Akhtar Badshah was presented the 2014 Global Hero Award by Global Washington founder Bill Clapp at GlobalWA’s 6th Annual Conference on December 3, 2014. Below is a full transcript of Akhtar’s acceptance speech.
Thank you very much for this recognition. I am very grateful for being called the Global Washington Hero – but I am no hero. I want to thank both Paula and Bill Clapp for their lifetime work in creating institutions that have had both direct impact and have also become centers of innovation that are being emulated by others.
I have been very fortunate to have been given the opportunity to work in the space of global development for the last 30 years – whether it has been in the early part of my career looking at cities, informal settlements, housing for the poor, and urban revitalization, which I reflected upon in my book Our Urban Future – New Paradigms for Equity and Sustainability; or when I started a social enterprise, and later heading Microsoft’s philanthropic programs.
Equity and sustainability are still what drives me. Yes, they have become overused words and at times lost their meaning. But, to me, they are still important and are two sides of the same coin. They go hand in hand. You cannot have equity without sustainability, and vice versa.
We are going through enormous changes in society and many of them have been driven by access to and development of technology, especially information technology. These changes are disruptive and are leading to an increasing gap between how we invest in social causes and the phenomenon of social action, which has to a large extent been driven by a few individuals and is at best unorganized with no central figure.
Our current systems have evolved over 250 years through laws, regulations, tools and practices, and our world of philanthropy has thrived within this context. Yes, our practices have evolved. But, to a large extent, we have worked within this system.
However, we are now entering a new era that the Institute for the Future (IFTF) calls the “second curve” where one or few individuals can attempt to create change on a scale that was previously inconceivable, or that only a large organization or entity could undertake. There are many examples of the second curve such as the Ice Bucket Challenge, Protests in Hong Kong, and the Maghreb revolution. Tunisia, Egypt, Libya, even ISIS – many of them have had great initial success, but are either hard to replicate, as in the case of the Ice Bucket Challenge, or moving from mass demonstration to stable changed governance system as in the case of Egypt, Libya and Tunisia.
For the future of philanthropy to continue to create social impact, we will have to resolve the large gap between organized philanthropy as we know it and the second curve philanthropy of social action. This is very important as the amount of money that will flow into second curve philanthropy will increase substantially in the first half of the 21st century. Also, there is an increased number of young people who believe a killer app will solve poverty issues. How we resolve this gap is crucial for the success of the field of catalytic/social impact.
The Nobel Prize committee recognized this gap astutely (I think) in awarding their joint Nobel Peace Prize to Kailash Satyarthi and Malala Yousafzai “for their struggle against the suppression of children and young people and for the right of all children to education.” Theirs is a struggle for equity and sustainability. But it’s also a bridge between organized approaches to social change and an individual using her unique power to mobilize a much larger community addressing the rights of girls to have access to education.

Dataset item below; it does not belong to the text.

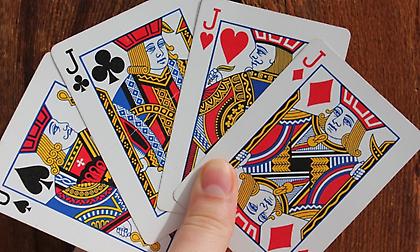 Άγριο ξύλο στο καζίνο Λουτρακίου: Πελάτες πιάστηκαν στα χέρια!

My work now through the Catalytic Innovators Group consists of thinking through and practicing how to support those who are the new investors in catalytic innovation to effectively partner with policy makers and development experts so innovations can scale and have accelerated impact. The opportunity is to build bridges between the first and second curve and develop leaders who can work at the intersection of innovation, policy and markets.
For the real heroes who give their lives on a daily basis to achieve equity and sustainability, this gap is very worrisome. We, all of us in this community, need to rise up and work together so we can better address this gap and build the bridges so that the real heroes can be more effective in the work they do. We must accelerate the pace of social change.
I accept this honor on behalf of all of the real heroes out there. Thank you very much.